Evaluate combinations and compare RMSE.


In [None]:
params = [
    {"max_depth":2, "min_samples_leaf":5, "subsample":0.8},
    {"max_depth":3, "min_samples_leaf":5, "subsample":0.8},
    {"max_depth":3, "min_samples_leaf":10, "subsample":0.8},
    {"max_depth":4, "min_samples_leaf":5, "subsample":0.7},
]

rows = []
for p in params:
    model = Pipeline(steps=[
        ("prep", preprocess),
        ("gb", GradientBoostingRegressor(
            n_estimators=200,
            learning_rate=0.1,
            max_depth=p["max_depth"],
            min_samples_leaf=p["min_samples_leaf"],
            subsample=p["subsample"],
            random_state=42
        ))
    ])
    model.fit(X_train, y_train)
    pred = model.predict(X_test)
    rmse = mean_squared_error(y_test, pred, squared=False)
    rows.append({**p, "RMSE": rmse})

pd.DataFrame(rows).sort_values("RMSE")


## 8. Hyperparameter Tuning (GridSearchCV)
Search a small grid to find a good balance. Report best params and CV score.


In [None]:
pipe = Pipeline(steps=[
    ("prep", preprocess),
    ("gb", GradientBoostingRegressor(random_state=42))
])

param_grid = {
    "gb__learning_rate": [0.05, 0.1, 0.2],
    "gb__n_estimators": [150, 200, 300],
    "gb__max_depth": [2, 3, 4],
    "gb__min_samples_leaf": [3, 5, 10],
    "gb__subsample": [0.7, 0.8, 1.0]
}

gcv = GridSearchCV(pipe, param_grid, scoring="neg_root_mean_squared_error", cv=5, n_jobs=-1)
gcv.fit(X_train, y_train)

print("Best params:", gcv.best_params_)
print("CV RMSE:", -gcv.best_score_)

best_model = gcv.best_estimator_
pred_best = best_model.predict(X_test)
report_best = regression_report(y_test, pred_best, label="GB_best")
report_best


## 9. Feature Importance
Rank features by importance. Discuss clinical or domain sense.


In [None]:
# Extract importance from the final GB step
gb_step = best_model.named_steps["gb"]
importances = pd.Series(gb_step.feature_importances_, index=numeric_features).sort_values(ascending=False)
importances.head(15)


In [None]:
plt.figure()
importances.sort_values(ascending=True).plot(kind="barh")
plt.title("Gradient Boost Feature Importances")
plt.xlabel("Importance")
plt.ylabel("Feature")
plt.tight_layout()
plt.show()


## 10. Interpretation and Reflection
- **Overfitting controls:** [Summarize which settings helped and evidence from RMSE curves.]
- **Metrics used:** RMSE, MAE, R2. Best test RMSE = [value].
- **Expected vs unexpected:** [Note any surprises in feature importance or curves.]
- **EDA linkage:** [Explain how EDA guided feature selection and transformations.]
- **Decision:** Is Gradient Boost a top candidate for Milestone Two depth? Why?

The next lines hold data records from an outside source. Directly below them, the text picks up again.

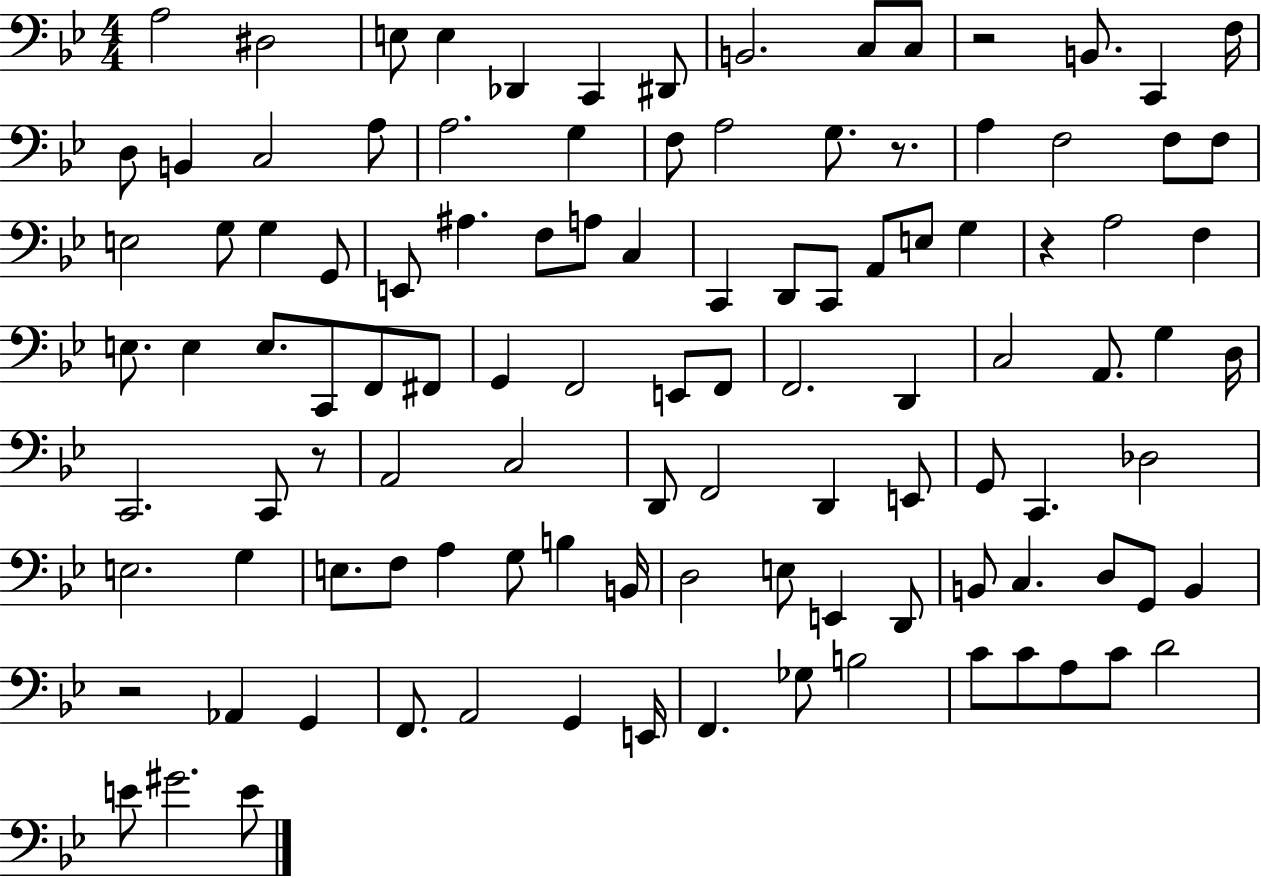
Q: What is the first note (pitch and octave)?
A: A3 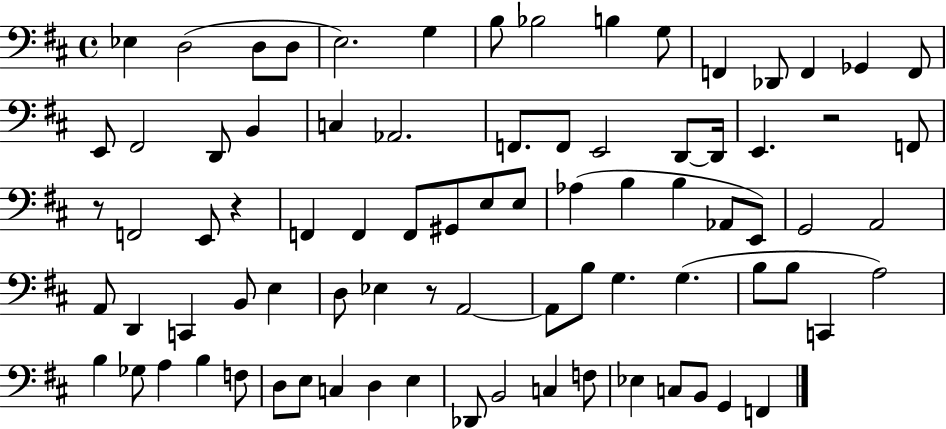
X:1
T:Untitled
M:4/4
L:1/4
K:D
_E, D,2 D,/2 D,/2 E,2 G, B,/2 _B,2 B, G,/2 F,, _D,,/2 F,, _G,, F,,/2 E,,/2 ^F,,2 D,,/2 B,, C, _A,,2 F,,/2 F,,/2 E,,2 D,,/2 D,,/4 E,, z2 F,,/2 z/2 F,,2 E,,/2 z F,, F,, F,,/2 ^G,,/2 E,/2 E,/2 _A, B, B, _A,,/2 E,,/2 G,,2 A,,2 A,,/2 D,, C,, B,,/2 E, D,/2 _E, z/2 A,,2 A,,/2 B,/2 G, G, B,/2 B,/2 C,, A,2 B, _G,/2 A, B, F,/2 D,/2 E,/2 C, D, E, _D,,/2 B,,2 C, F,/2 _E, C,/2 B,,/2 G,, F,,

> Keep this concise and Milestone-ready.


## 11. Sources (APA) + Yellowdig Note
- Pedregosa, F., et al. (2011). Scikit-learn: Machine Learning in Python. *Journal of Machine Learning Research*, 12, 2825–2830.
- Friedman, J. H. (2001). Greedy function approximation: A gradient boosting machine. *Annals of Statistics*, 1189–1232.
- Scikit-learn User Guide (Gradient Boosting).

**Yellowdig post idea:** Share the sklearn User Guide link and justify it as a high-quality source due to clear API docs, examples, and mathematical grounding.